(Work instruction): Every entry below should be reproduced exactly, with all pictures left out.

• • •

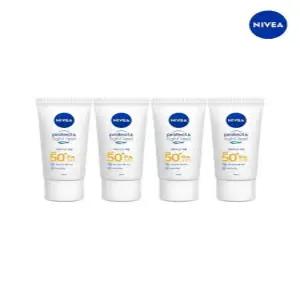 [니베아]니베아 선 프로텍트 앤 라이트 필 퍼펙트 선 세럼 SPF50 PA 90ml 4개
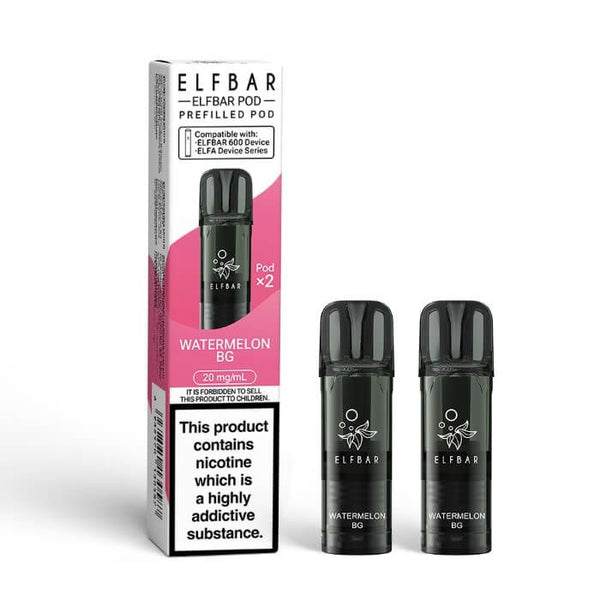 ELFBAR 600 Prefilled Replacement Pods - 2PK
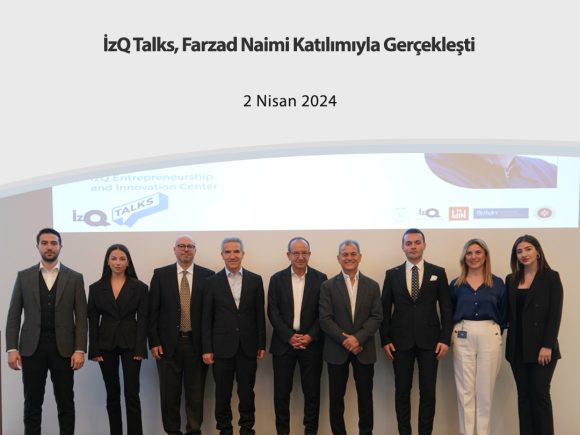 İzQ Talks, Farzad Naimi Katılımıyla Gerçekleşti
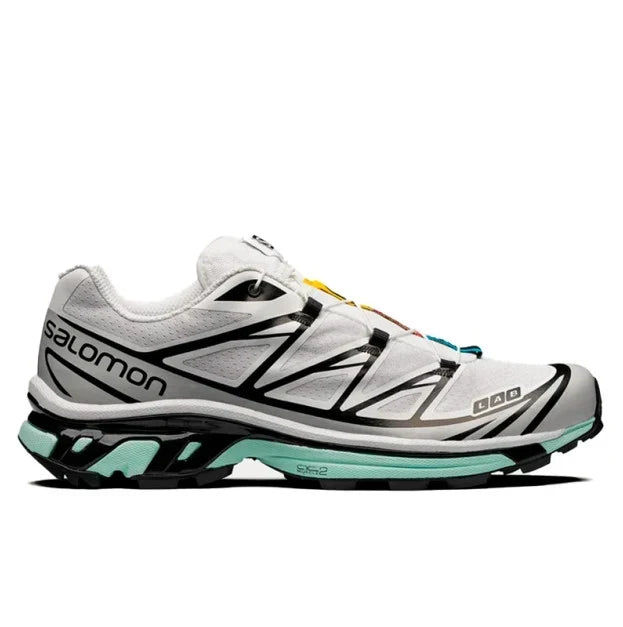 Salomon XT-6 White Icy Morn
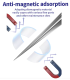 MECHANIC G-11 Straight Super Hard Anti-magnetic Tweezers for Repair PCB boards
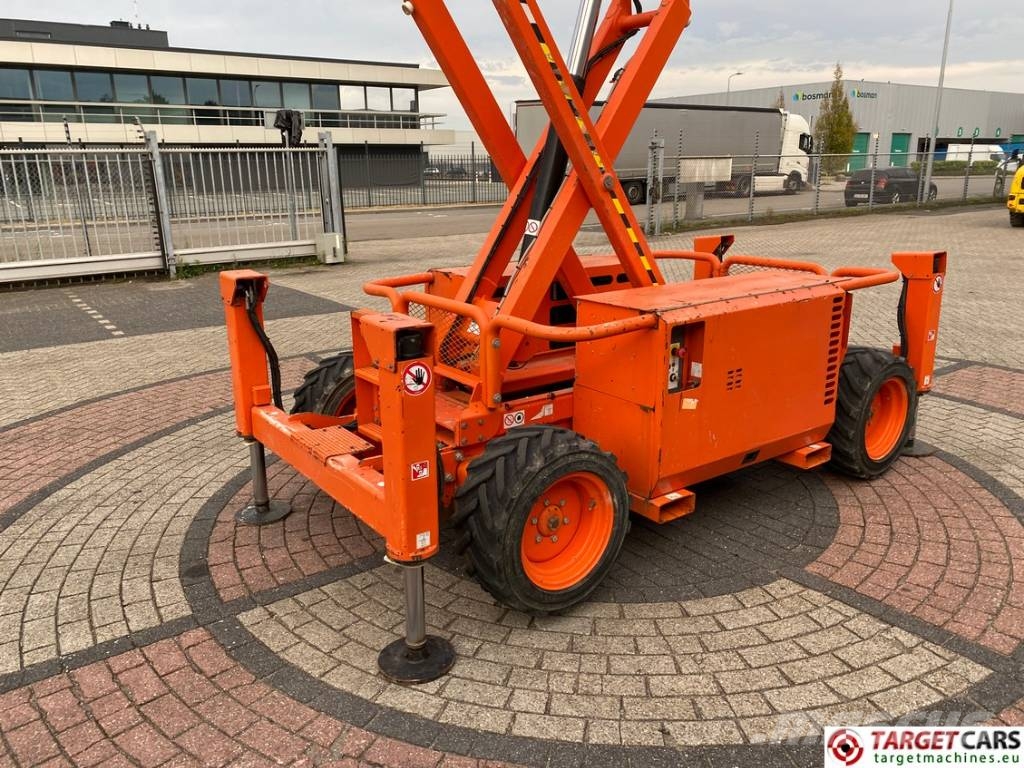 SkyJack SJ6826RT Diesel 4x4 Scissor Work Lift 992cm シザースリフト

• • •

(Written solution):
 [니베아]니베아 선 프로텍트 앤 라이트 필 퍼펙트 선 세럼 SPF50 PA 90ml 4개
 ELFBAR 600 Prefilled Replacement Pods - 2PK
 İzQ Talks, Farzad Naimi Katılımıyla Gerçekleşti
 Salomon XT-6 White Icy Morn
 MECHANIC G-11 Straight Super Hard Anti-magnetic Tweezers for Repair PCB boards
 SkyJack SJ6826RT Diesel 4x4 Scissor Work Lift 992cm シザースリフト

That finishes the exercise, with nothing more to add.